Diabetologie und Stoffwechsel 2007; 2 - P197
DOI: 10.1055/s-2007-982292

Blutglukose-Wahrnehmungstraining (BGAT nach Cox) in der Praxis: Einjahres Katamnese

G Fehm-Wolfsdorf 1, J Pohl 2, A Peters 3
  • 1Lübecker Institut für Verhaltensmedizin, Lübeck, Germany
  • 2Martin-Luther-Universität Halle-Wittenberg, Institut für Psychologie, Halle, Germany
  • 3Universitätsklinikum Schleswig-Holstein, Campus Lübeck, Medizinische Klinik I, Lübeck, Germany

Das BGAT ist ein strukturiertes verhaltensmedizinisches Trainingsprogramm für Personen mit Typ 1 Diabetes, die unter Hypoglykämieproblemen leiden. In 8 Gruppen- oder Einzelsitzungen wird das rechtzeitige Erkennen und Vermeiden von Hypo- und Hyperglykämie erlernt. Wir untersuchten hier die „Effectiveness“, d.h. die Wirksamkeit des BGAT unter Versorgungsbedingungen. Zum Zeitpunkt T1=vor dem Training nahmen 411 Personen an einer Erhebung zu Hypoglykämie-Wahrnehmung und -verhalten, zu Depressivität, Lebensqualität, Hypoglykämieangst und Selbstwirksamkeit teil. T2 lag bei Kursende (N=309), T3 ein Jahr danach. Die Stichprobe ist zu T1 wie folgt gekennzeichnet: mittleres Alter 45,9 Jahre, Diabetesdauer 22,5 Jahre, 36,6% Pumpenträger, Folgeerkrankungen bei 36%, letzter HbA1-Wert 6,9 (4,7–10,5), Führerschein 89,3%, 14% fahren nie. Zu T1 lag die Zahl der Depressiven außerordentlich hoch (31,8% klinische oder milde Depression, erfasst mit dem BDI; zum Vergleich in der Diabetes Prevention Study 10,3%). Die Katamnese-Stichprobe (N=142) unterscheidet sich in allen wichtigen Variablen nicht von der Restgruppe aus T1 (N=269).

Die Anzahl mittelschwerer (Fremdhilfe) bzw. schwerer Hypos mit Bewusstlosigkeit wurde in Abhängigkeit vom Zeitpunkt und der Güte der berichteten Hypo-Wahrnehmung (Hypos erkennbar bei BG über/unter 50mg/dl) mit Varianzanalysen und nachfolgenden Kontrastanalysen nach Kirk ausgewertet. Mittels McNemar Tests wurde die Anzahl von Patienten mit keinen/mittelschweren/schweren Hypos zu T1-T2-T3 verglichen. Alle hier berichteten Ergebnisse beziehen sich auf die Katamnesestichprobe. Die mittlere Anzahl schwerer Hypos sank von 1,06 zu T1 auf 0,20 zu T3 (p<.001). Mittelschwere Hypos wurden zu T1 im Mittel 2,23 berichtet, zu T3 0,71 (p<.001). Personen, die zu T1 Hypos schon bei 50mg/dl wahrnehmen konnten, schnitten zu allen Zeitpunkten besser ab (Haupteffekt Gruppe). 21 Patienten geben zu T1 schwere und zu T3 keine Hypos an.
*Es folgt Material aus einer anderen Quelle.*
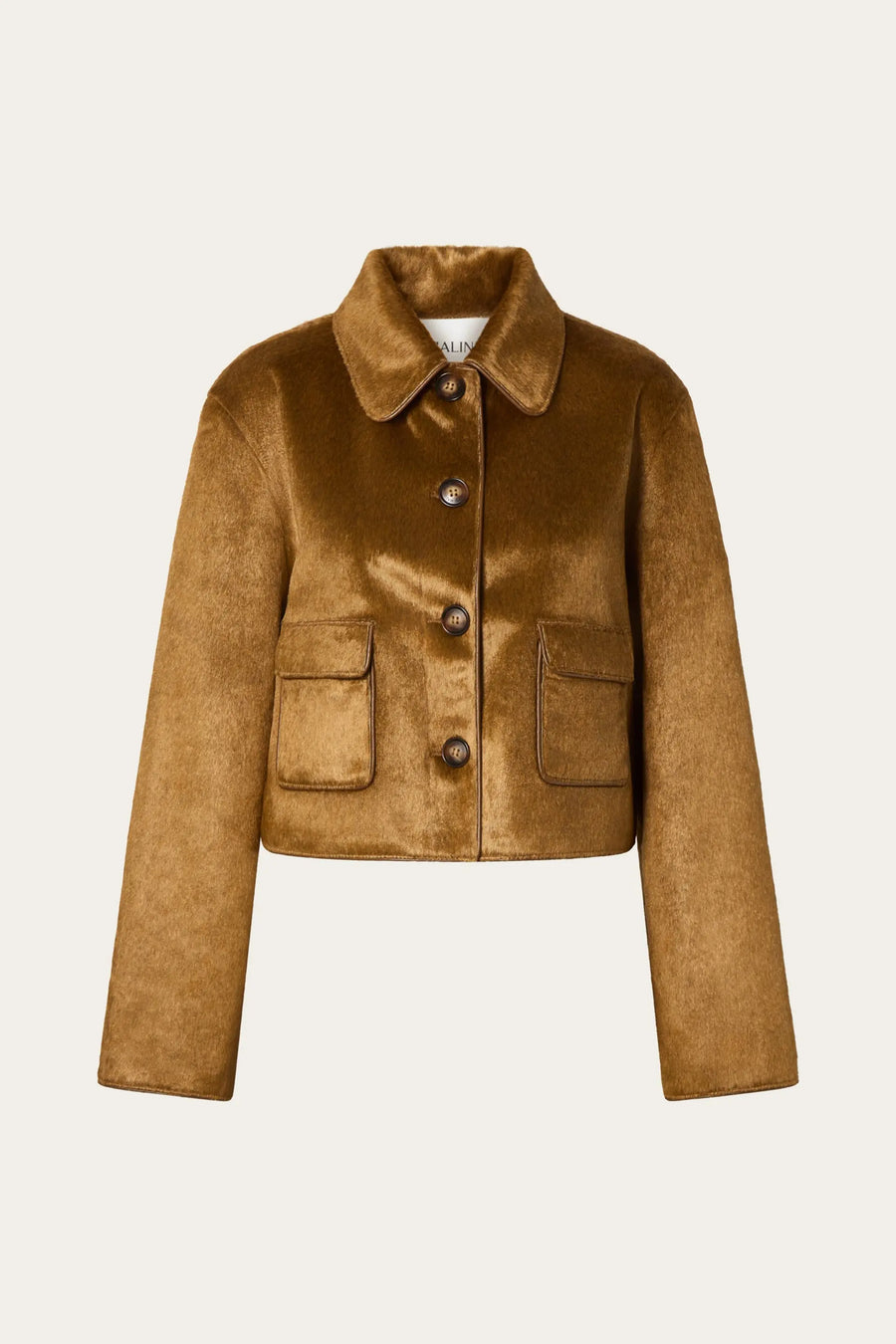 MALINA Jacke SERESSA Cropped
Diese Verbesserung ist signifikant im Vergleich zu den 5 Pat., die zu T1 keine und zu T3 schwere Hypos berichteten (p<.01). 32 Pat. berichten zu T1 mittelschwere und zu T3 keine Hypos, 12 Pat. verändern sich entgegengesetzt (p<.01).

Die Wahrnehmungsschwelle („Symptome spüren bei welchem niedrigen Glukosewert“) verbesserte sich von T1 zu T2 (p<.001) und blieb ein Jahr später konstant. Das gleiche Veränderungsmuster – signifikante Verbesserung von T1 zu T2, die zu T3 erhalten bleibt – gilt für die Depressivität und die Lebensqualität. Reduziert werden durch das Training z.B. die Belastung für die Familie sowie die Sorge, ohnmächtig zu werden.

Die Katamneseerhebung zeigt eindrücklich, dass die im Training erreichten Verbesserungen längerfristig aufrechterhalten bzw. noch ausgebaut werden können. Die erfassten psychologischen Parameter sind wichtige Moderatoren einer langfristigen Veränderung der Einstellung und des Verhaltens, und wirken damit stabilisierend auf das im Training Gelernte.